Però ci sono dei fatti. Alla famiglia è stato impedito di vedere il cadavere. Al legale della famiglia Cucchi non è stata concessa la possibilità di assistere all’autopsia. Le foto sono arrivate alla famiglia solo dall’agenzia di pompe funebri. Le interrogazioni parlamentari, ad esempio quella dell’onorevole Giachetti, sono piovute sui banchi di Montecitorio. Nemmeno il ministro Alfano ha fornito una versione coerente, e persino il ministro Maroni ha criticato la scelta di tenere lontana la famiglia.

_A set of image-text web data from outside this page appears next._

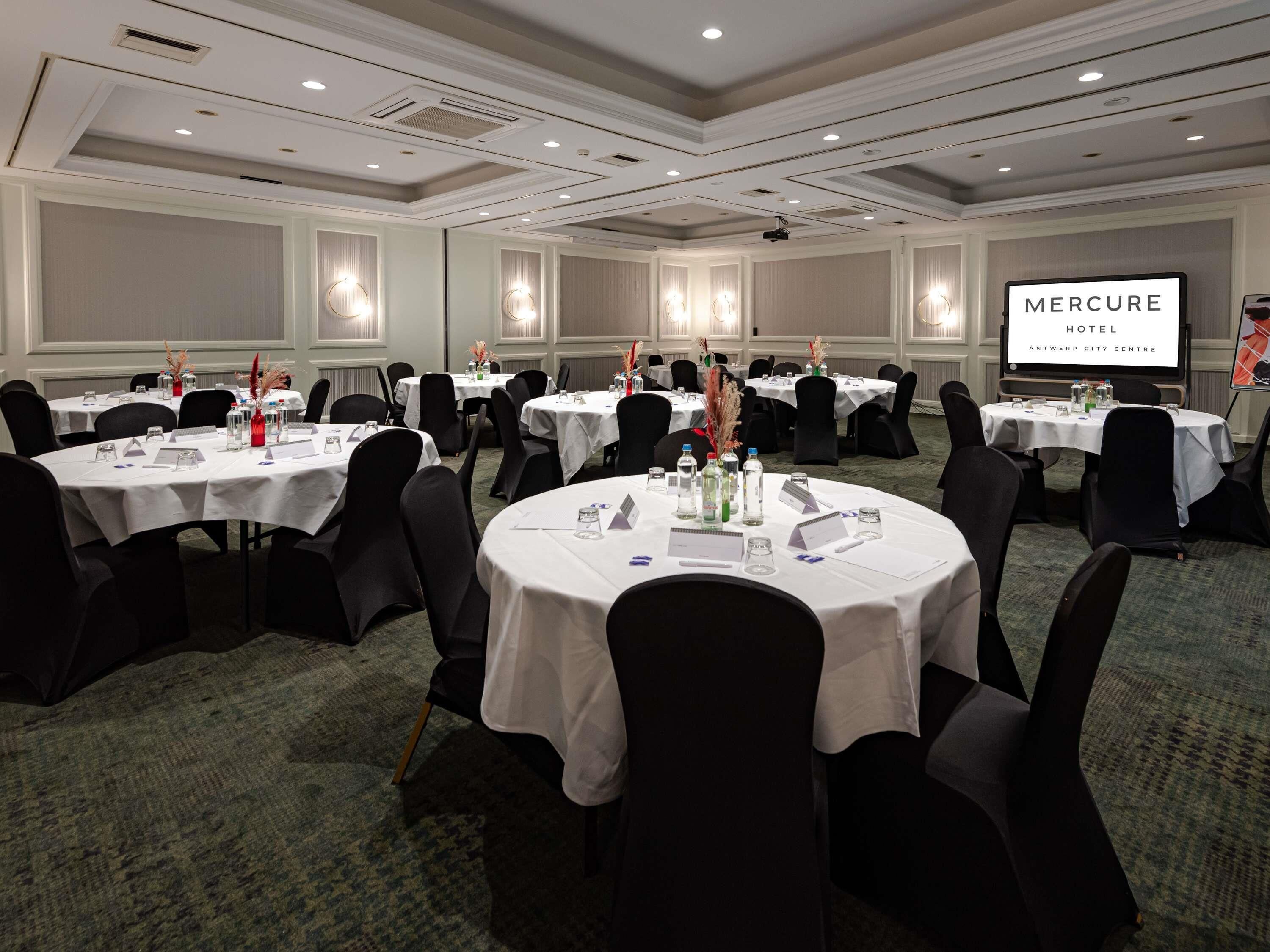 A conference room with round tables, black chairs, white tablecloths, and a projector screen displaying 'Mercure Hotel Antwerp City Centre'.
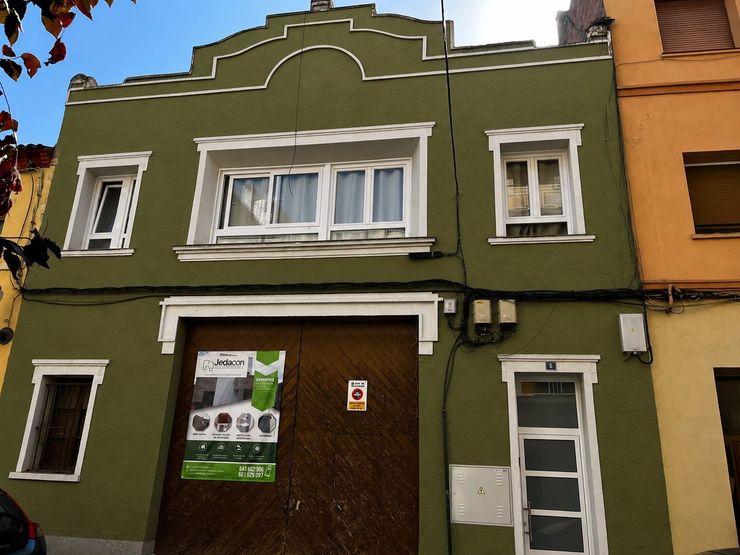 Fachada de edificio de color verde oliva con ventanas con marcos blancos y una gran puerta marrón, vista desde la calle.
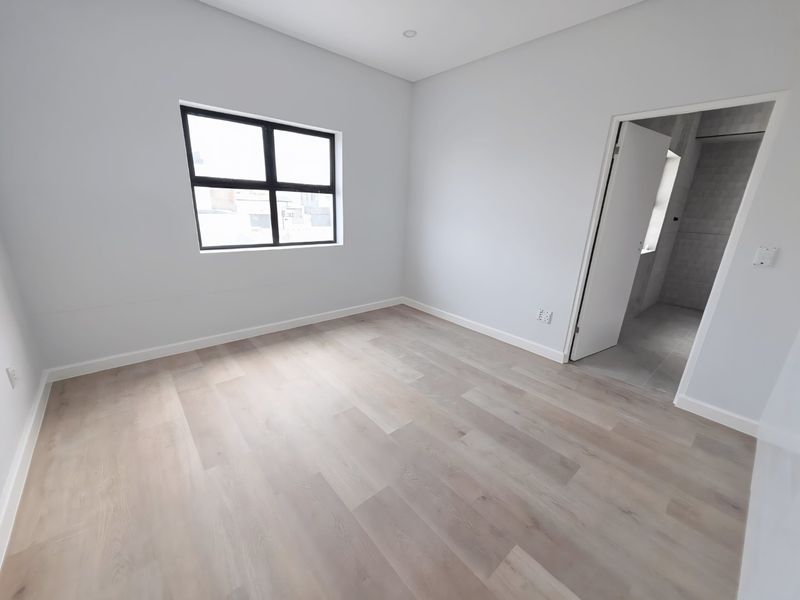 A bright, modern, and empty bedroom featuring light-toned laminate flooring, neutral walls, and an adjoining en-suite bathroom.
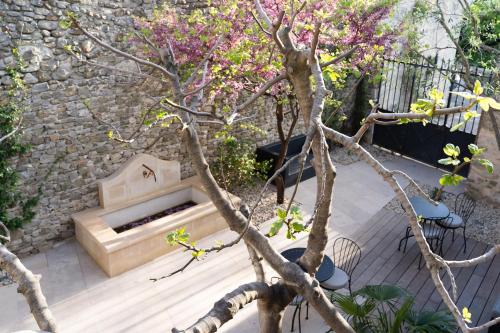 a garden with a stone fireplace and a tree at La Barule in Charols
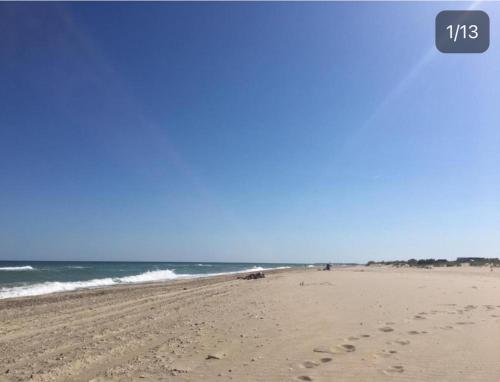 a beach with footprints in the sand and the ocean at Гостевой дом золотые пески in Zatoka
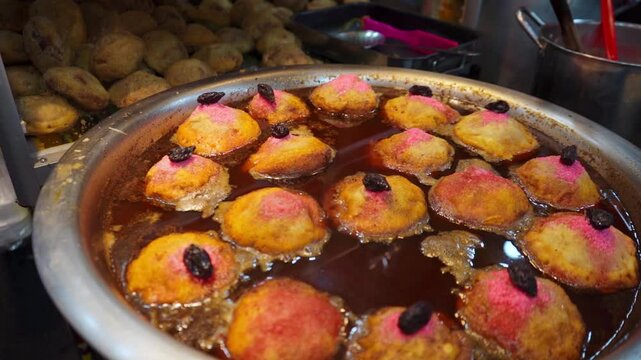 Traditional torrejas chapinas, fresh from the pot, golden and crispy, served at a fair stand. This delicious Guatemalan dish is prepared with bread soaked in honey and spices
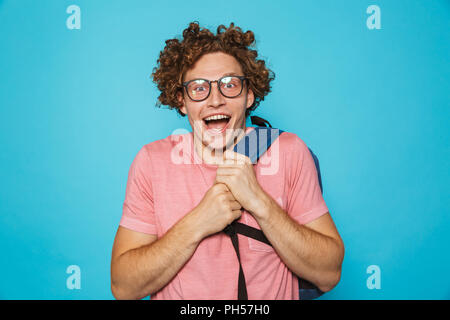 Foto del timido geek ragazzo con capelli ricci con gli occhiali e zainetto sorridente in telecamera isolate su sfondo blu Foto Stock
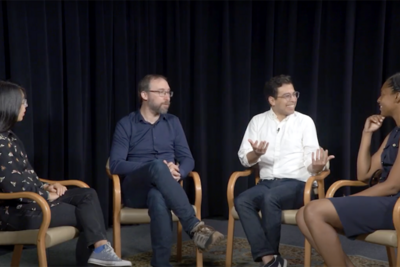 Four people sitting in chairs, talking in front of a black background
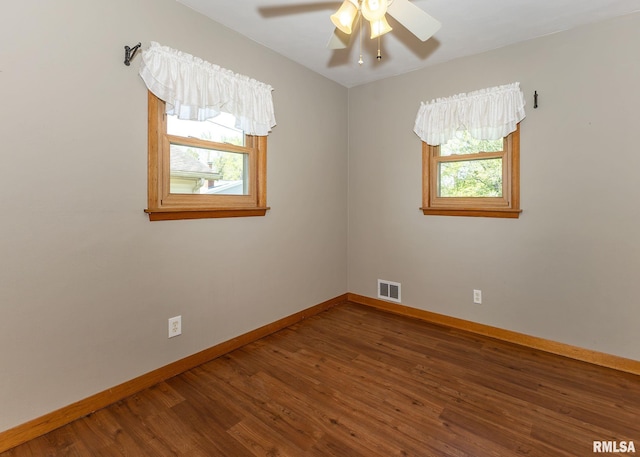 3418 25th St, Rock Island, IL 61201 - unfurnished room with baseboards, wood finished floors, and a ceiling fan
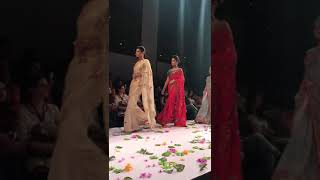 Beautiful models in exquisite designer sarees doing rampwalk at a fashion show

Luigi Manconi – che da anni con la sua associazione “A buon diritto” si occupa di giustizia e di carcere – ha spiegato insieme alla madre di Stefano che “i segni della violenza sono innegabili”. E’ vero.

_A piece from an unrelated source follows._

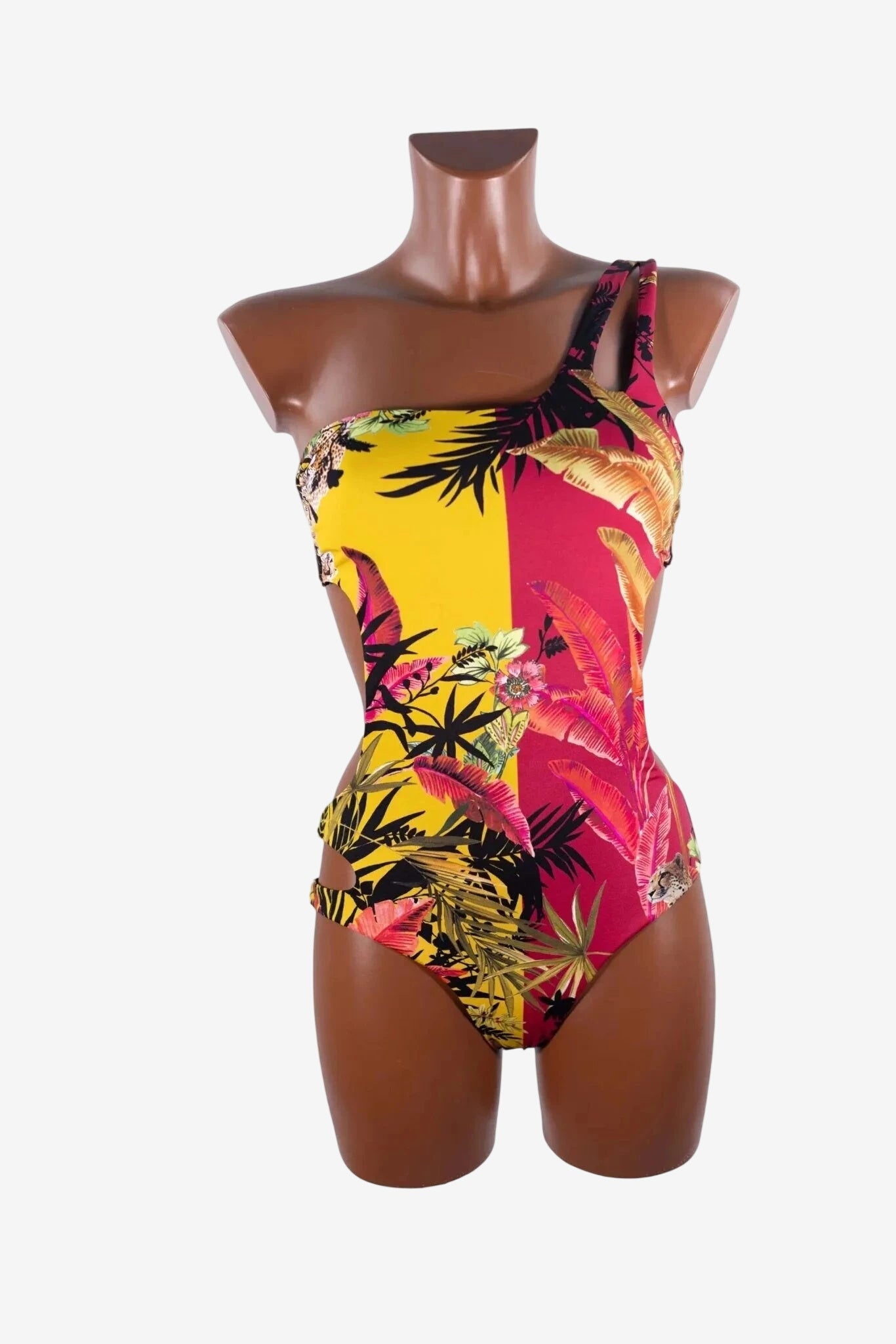 Costume intero Miss Bikini asimmetrico con stampa tropicale gialla e rossa.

Guardiamo questa foto e ci chiediamo se debba essere pubblicata e perché. Lo spiega in un editoriale Vitantonio Lopez, ma poche righe non possono raccontare quanto sia stato acceso il dibattito tra noi. Ne discutiamo molto in redazione, tutti quanti. Sappiamo che molti saranno turbati. Siamo turbati anche noi. Alla fine abbiamo deciso che dovesse essere pubblicata per tanti motivi: in primo luogo perché siamo convinti che i lettori non siano dei bambini sprovveduti: se le abbiamo viste noi (e abbiamo pensato delle cose), devono poterle vedere pure loro (e pensare delle cose). E poi un motivo ancora più semplice: quelle foto sono una domanda crudele, non solo per i Carabinieri o per ministri, ma per tutti noi. Se una madre decide di mostrare suo figlio ridotto a uno scheletro, martoriato, è perché e quelle domande devono avere una risposta. Solo così quella marionetta scomposta potrà ritornare ad essere il corpo di un ragazzo.